Texas A&M has 20 starters back, but none will be more important than McNeal, an electrifying talent who's a dark horse Heisman Trophy candidate. Last year the Lufkin ( Texas) High product set A&M records for passing yards (2,791) and rushing yards by a quarterback (718). He also owns the Big 12 mark of 213 consecutive passes without an interception. McNeal could put up even better numbers this fall. The Aggies have four starters back on the line, three receivers with starting experience and junior running back Courtney Lewis, who's back to full strength after being hampered by nagging ankle injuries in '04. "Our offense has a ton of weapons," says McNeal. "If we stay healthy, we're going to be very difficult to defend."

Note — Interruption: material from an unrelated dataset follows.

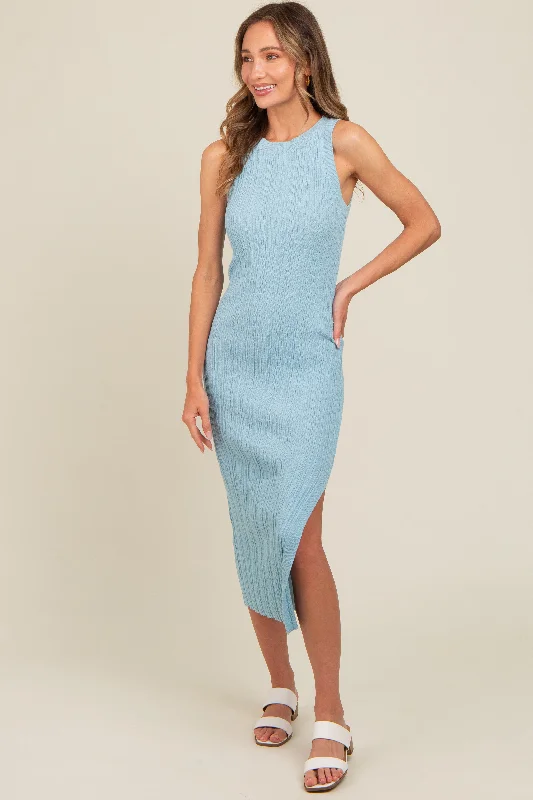 Light Blue Ribbed Side Slit Sleeveless Midi Dress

Texas A&M last won the division in 1998, and since then Oklahoma and Texas have dominated the South. This may be Franchione's best shot yet at breaking through. "We have five tough road games, and there's always Oklahoma and Texas on the schedule," Franchione says. "But our program is certainly headed in the right direction. Plus, we've got something that nobody else has: Reggie McNeal." -- L.A.